- [Data block]:
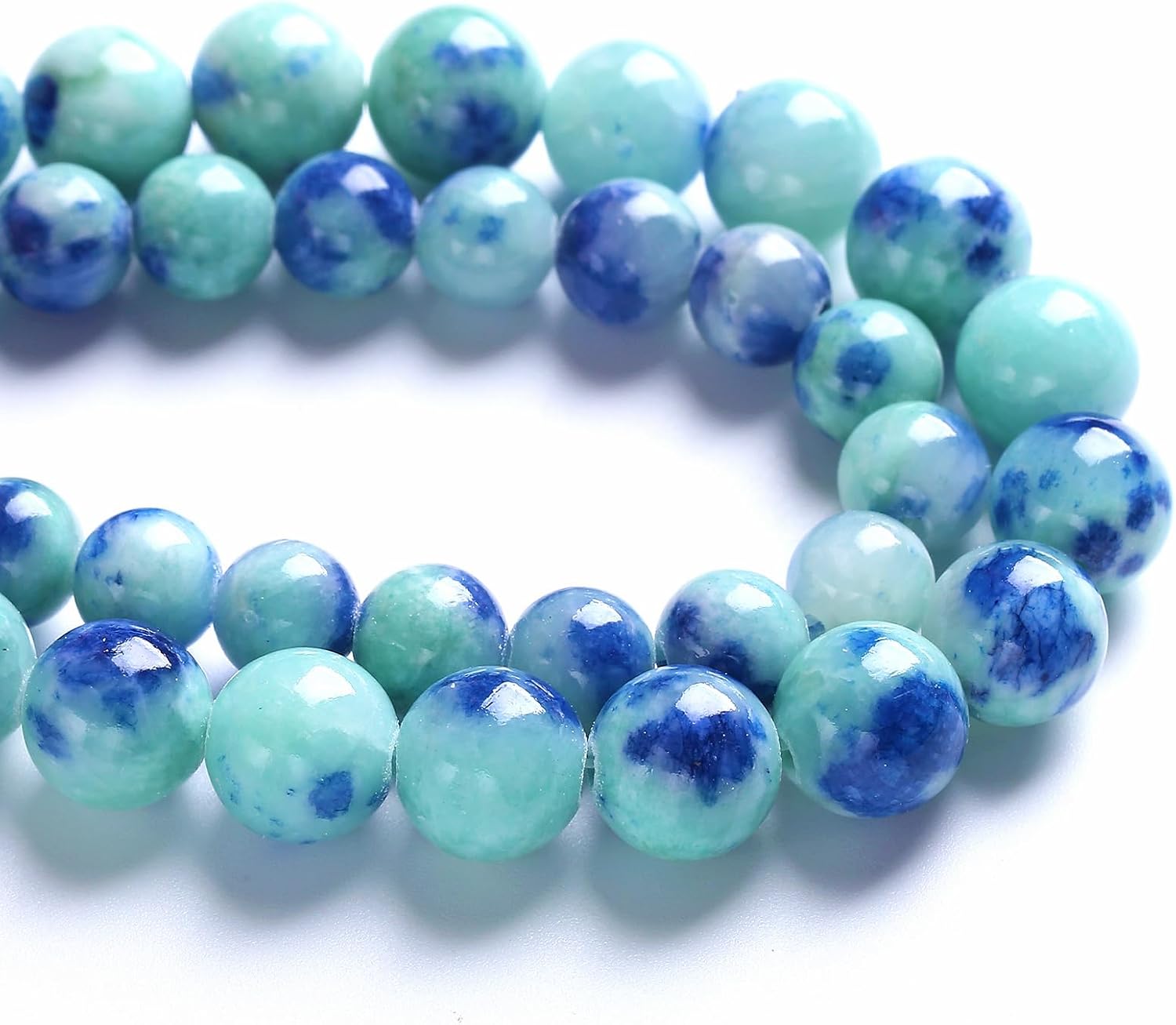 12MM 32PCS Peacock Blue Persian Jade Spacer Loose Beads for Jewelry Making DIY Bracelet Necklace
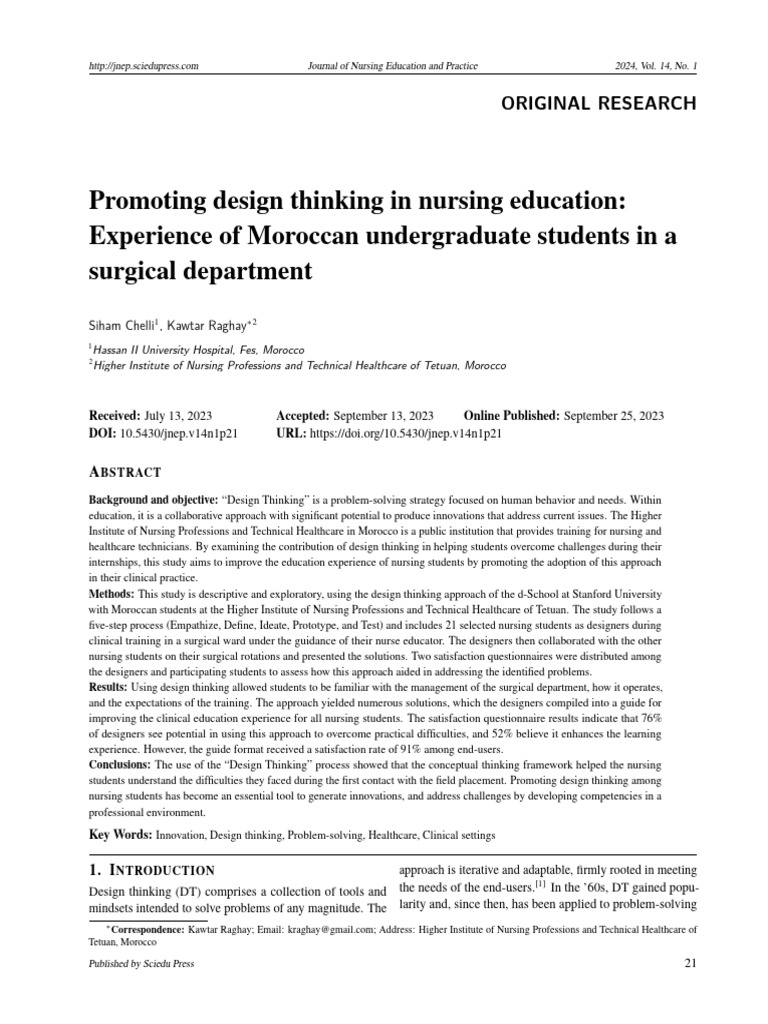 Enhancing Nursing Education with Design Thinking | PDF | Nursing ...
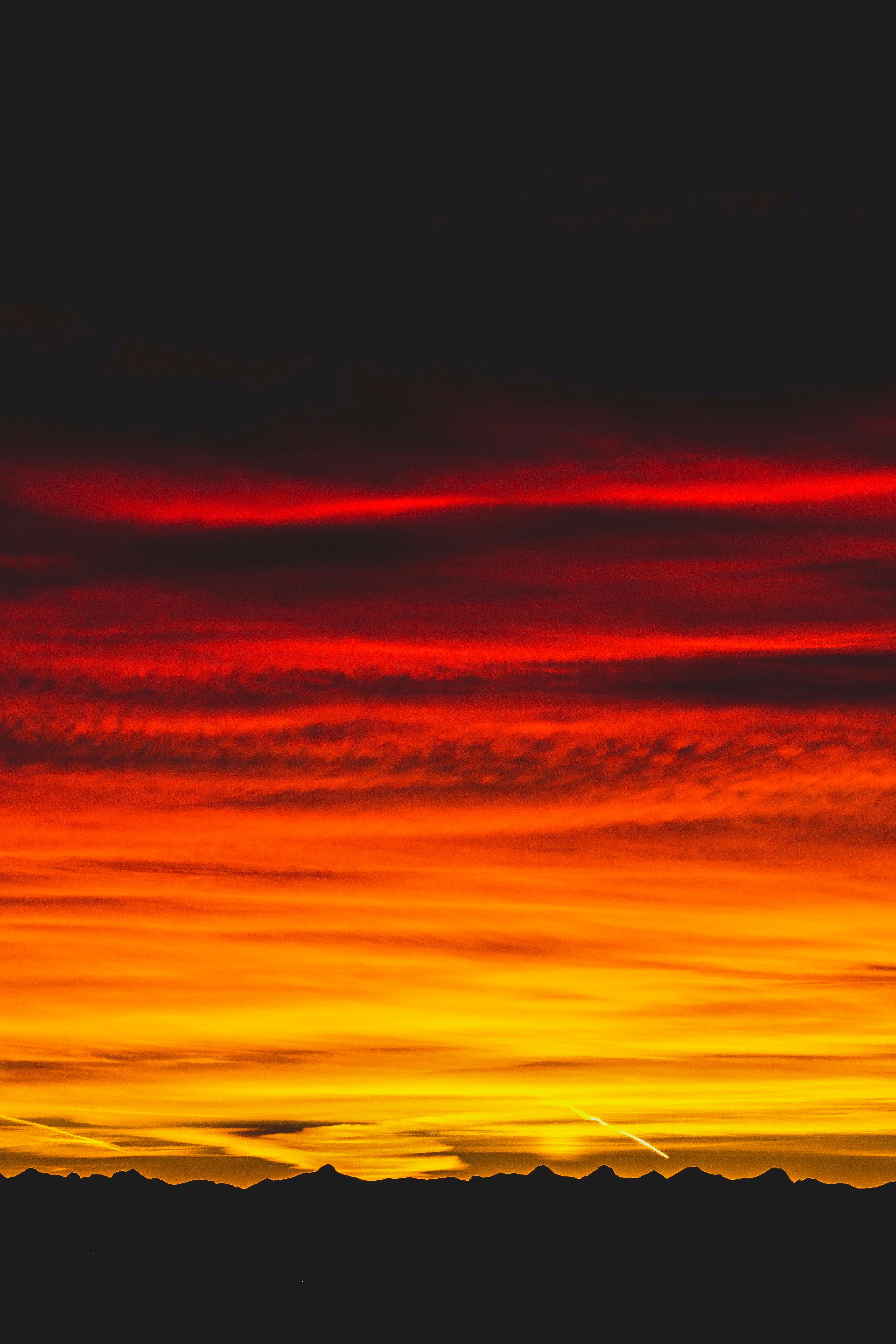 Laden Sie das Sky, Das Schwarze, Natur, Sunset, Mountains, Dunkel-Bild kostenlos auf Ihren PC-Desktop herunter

- [What the task asks]: Copy exactly the lines that run from the line containing "Enhancing Nursing Education" to the end of the data, keeping both end lines and dropping every picture.

- [Result below]:
 Enhancing Nursing Education with Design Thinking | PDF | Nursing ...
 Laden Sie das Sky, Das Schwarze, Natur, Sunset, Mountains, Dunkel-Bild kostenlos auf Ihren PC-Desktop herunter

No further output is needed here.